In a just-published article in The Banker, Stuart Mackintosh, Executive Director of the Group of Thirty, and Starling Founder & CEO Stephen Scott call for global collaboration on developing new tools and techniques for firms and their supervisors to assess organizational culture and non-financial risk management.
Mackintosh and Scott reference Good Supervision: Lessons from the Field, a recent paper published by the International Monetary Fund (IMF) that echoes assertions that this year's bank failures stemmed from deficient risk management and governance. This reinforces the need for more effective supervision of firms' capabilities in this regard, the IMF argues.
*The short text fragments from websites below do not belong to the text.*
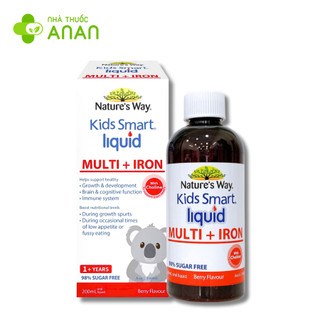 Sắt nước Nature's Ways và 12 loại Vitamin 1Y+ - Multi Iron - 200ml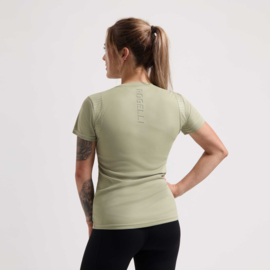 Rogelli Core hardloopshirt dames korte mouw - taupe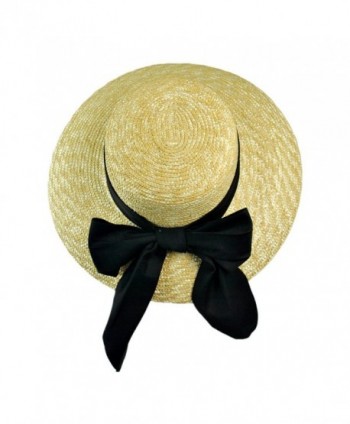 sur tete Boater 1 Size Natural in Women's Sun Hats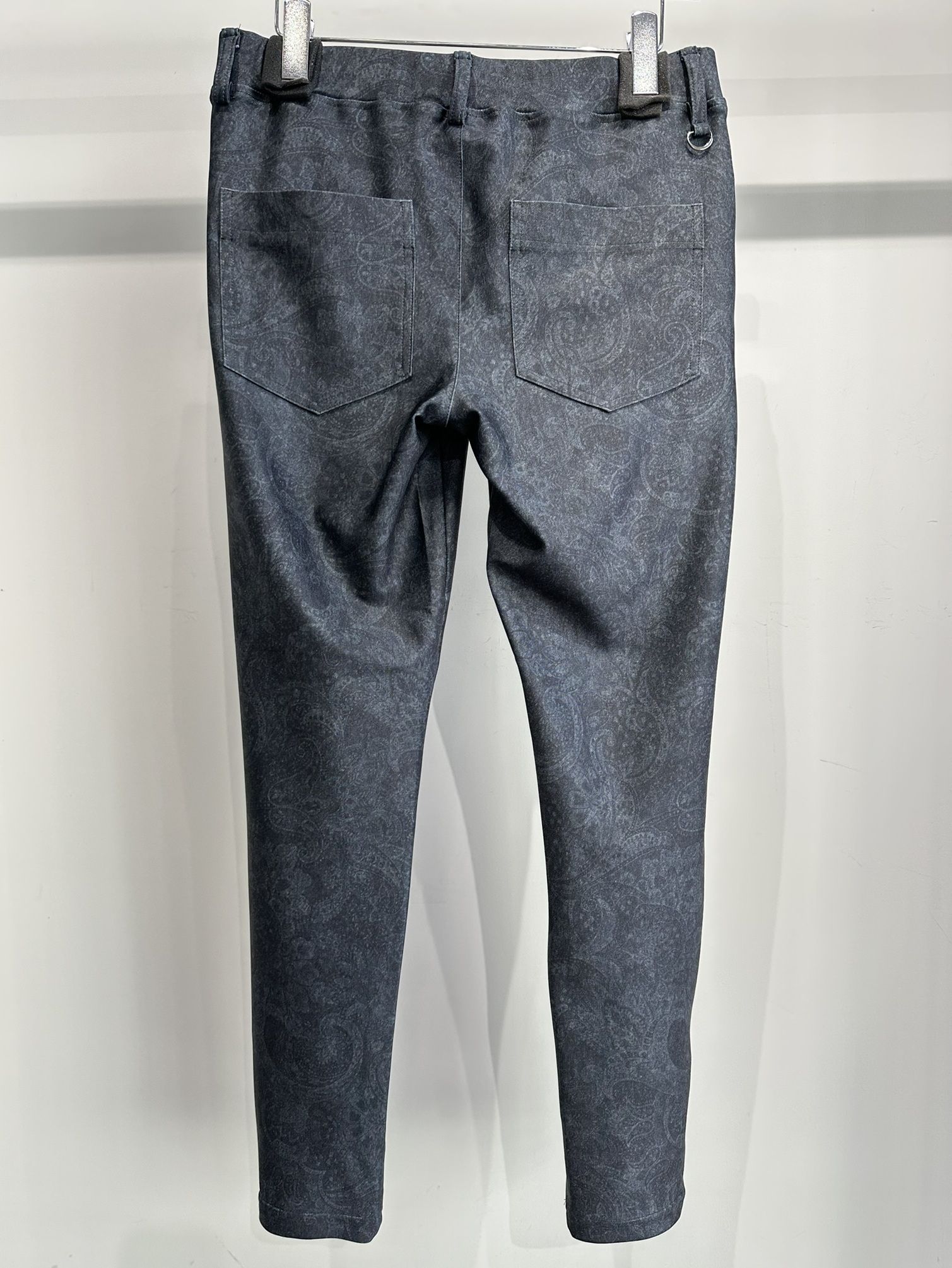 CHRIS EASY TUCK PANTS / RC35-ST-016T / イージータックパンツ / ペイズリーブラック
However, matters of risk management and governance, especially those relating to non-financial risk, are notoriously difficult to assess. Mackintosh and Scott emphasize the need for collective action to explore new "SupTech" methods by which firms, and their overseers, can evaluate such risks. "[T]hese technologies offer supervisors a means by which leading indicators of non-financial risks may be identified, system-wide, on a near real-time basis, positioning them to engage proactively in hopes of avoiding future crises," they write.
This would not serve to replace supervisory judgment, but augment it. Such data-driven metrics would allow for horizontal peer review across the industry. They would also enable supervisors to take proactive steps to prevent future bank failures by making the hidden but potentially systemic risks associated with firm culture tractable.
"Culture is alternatingly pointed to as culprit or cure when risk governance and the supervision thereof are found wanting," they conclude. "If assertions in either direction are to be credible and actionable, assessing cultural drivers of performance outcomes effectively must become a policy priority."